Supreme Court Struggles to Apply Robocall Ban in Facebook Case

U.S. Supreme Court justices struggled to apply a decades-old federal ban on robocalls as they considered whether to allow a lawsuit accusing Facebook Inc. of repeatedly sending unwanted text messages.

The 80-minute argument indicated that several justices read the 1991 law as not applying to calls or texts that go to a wrong number, as Facebook says may have happened in its case. Other justices suggested they were simply frustrated by the task of making sense of an ambiguous statute enacted long before Facebook existed or mobile phones were in widespread use.

“Don’t you think it’s rather odd that we are applying a statute that’s almost anachronistic if not vestigial to a modern technology like Facebook and instant messaging, et cetera?” Justice Clarence Thomas asked. “Don’t you think that at some point, there’s at least a sense of futility?”

Facebook is appealing a lower court decision the social-media company says would put businesses at risk of massive damage awards for relatively small transgressions. Noah Duguid, the man suing Facebook, says the company’s interpretation of the law would unleash a torrent of robocalls.

Duguid says he received repeated texts from Facebook in 2014 notifying him of an attempted log-in, even though he didn’t have an account. Facebook says Duguid probably had a recycled phone number that had once been associated with an account.

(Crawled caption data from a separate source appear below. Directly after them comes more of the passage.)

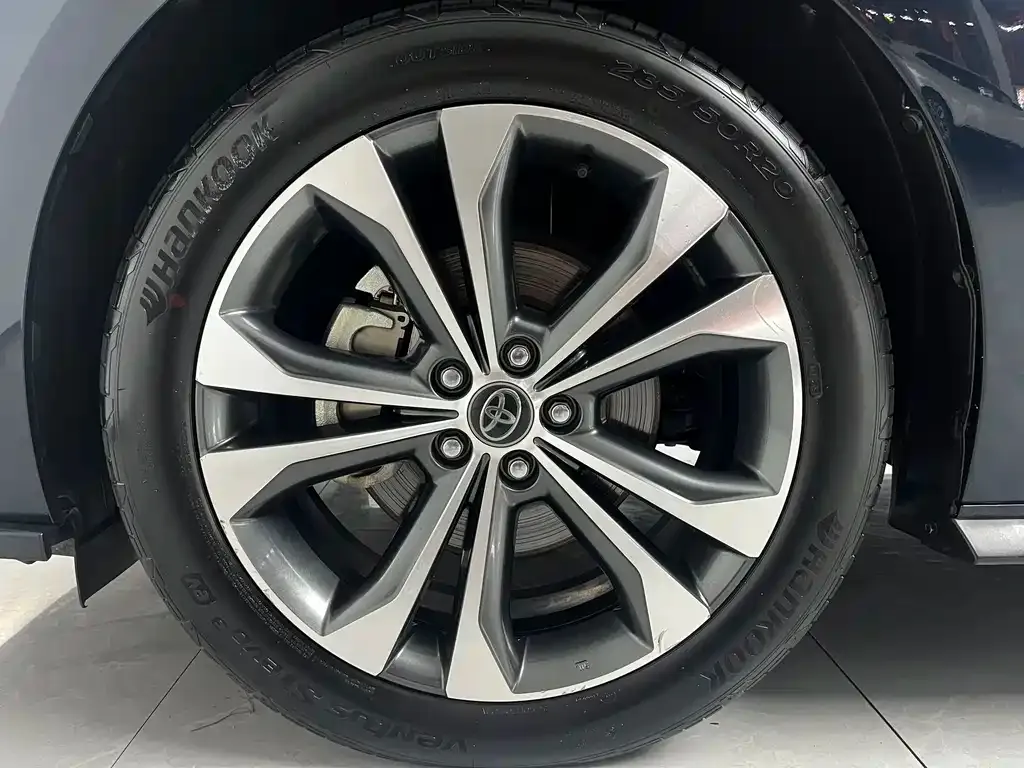 Toyota Granvia — фото 10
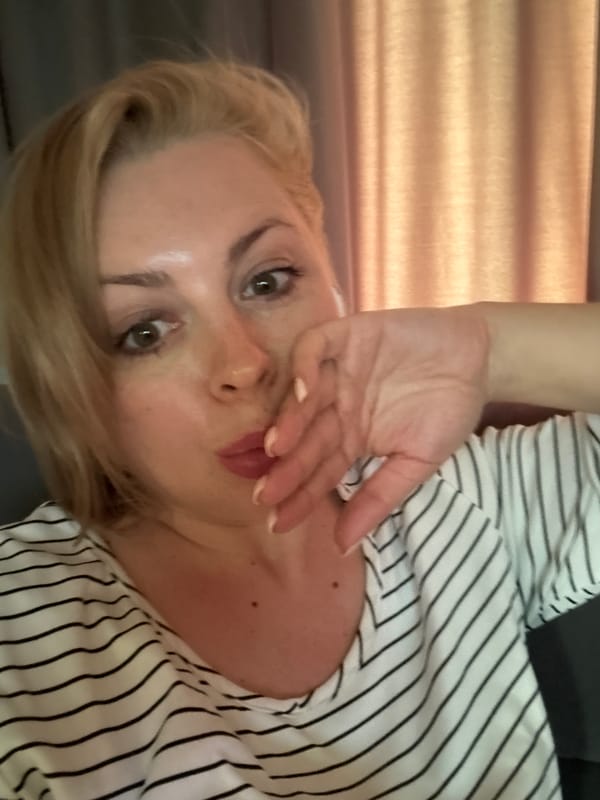 Lazy afternoon indoors in Sochi, selfies and shelf decor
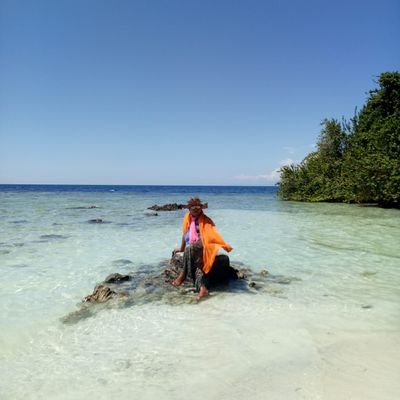 I live in Indonesia, precisely on the island of Sulawesi, Central Sulawesi province, Tojo Una-Una district.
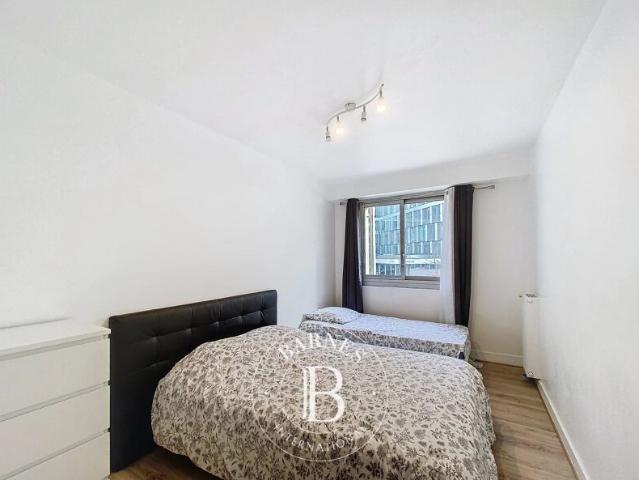 Courbevoie, Appartement 2 Chambres 80 m² en location
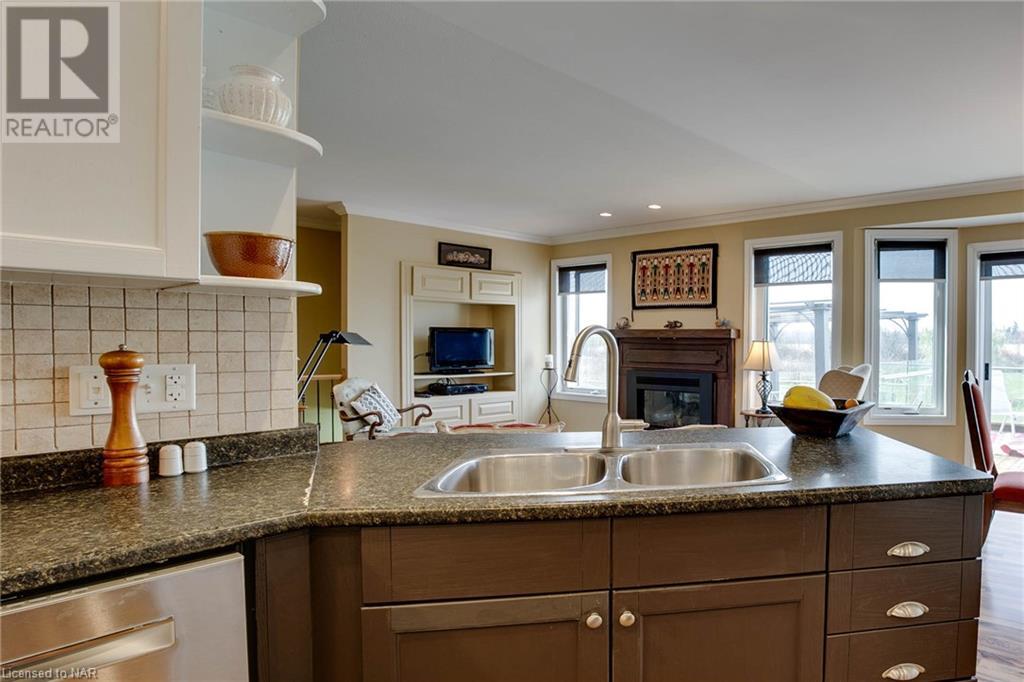 454 Holloway Bay Road S, Sherkston, Ontario  L0S 1R0 - Photo 13 - 40670065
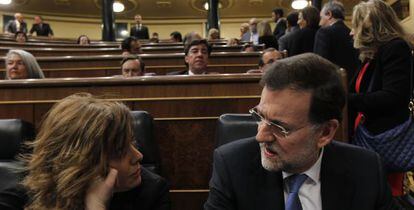 La vicepresidenta, Soraya S&aacute;enz de Santamar&iacute;a, y el presidente, Mariano Rajoy, durante el pleno. 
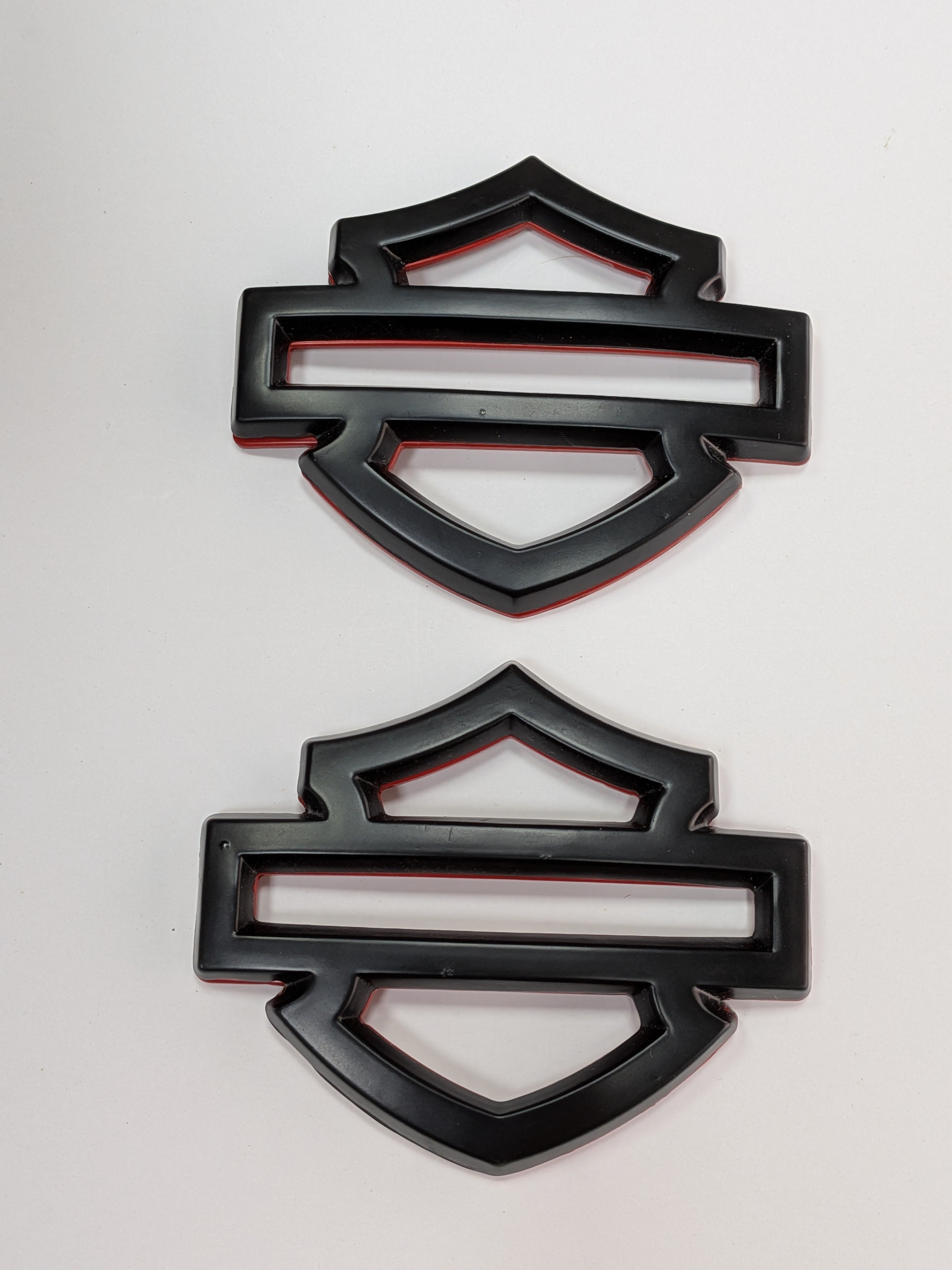 Harley davidson Metal CVO Tank Emblems Badges New Sliver black-chrome Factory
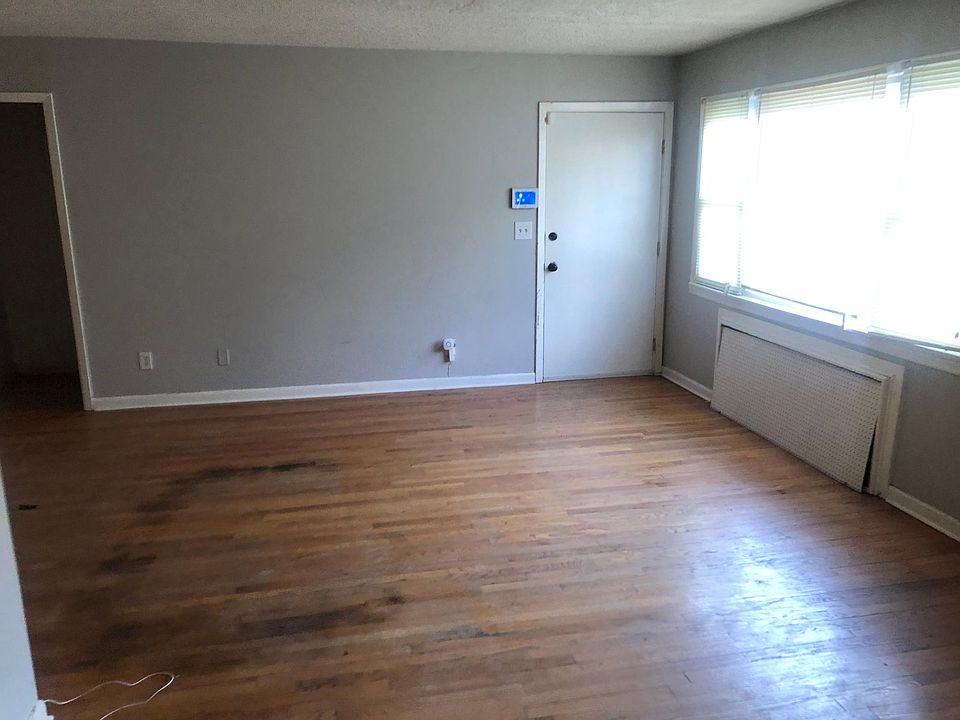 1st image of 120 Isabella Ave Floor 1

His lawsuit seeks class action status.

The case centers on the 1991 Telephone Consumer Protection Act, which allows penalties as high as $1,500 for every unwanted call or text. The ban applies to dialing systems that can “store or produce telephone numbers to be called, using a random or sequential number generator.”

‘Impossible Breadth’

The key question is whether the limiting phrase at the end applies only to systems that produce numbers, as Duguid contends, or also to those that simply store numbers, as Facebook argues.

Duguid’s lawyer, Bryan Garner, told the justices that Congress was responding to a deluge of complaints and intended to cover any use of stored numbers to make automatic calls. Garner said Facebook’s approach “would read the statute into oblivion.”

Facebook says the ban applies only to what are now rarely used dialing systems that generate random or sequential phone numbers. The company’s lawyer, Paul Clement, said Duguid’s approach is so broad it would cover calls made by mobile phones and create “a statute of impossible breadth.”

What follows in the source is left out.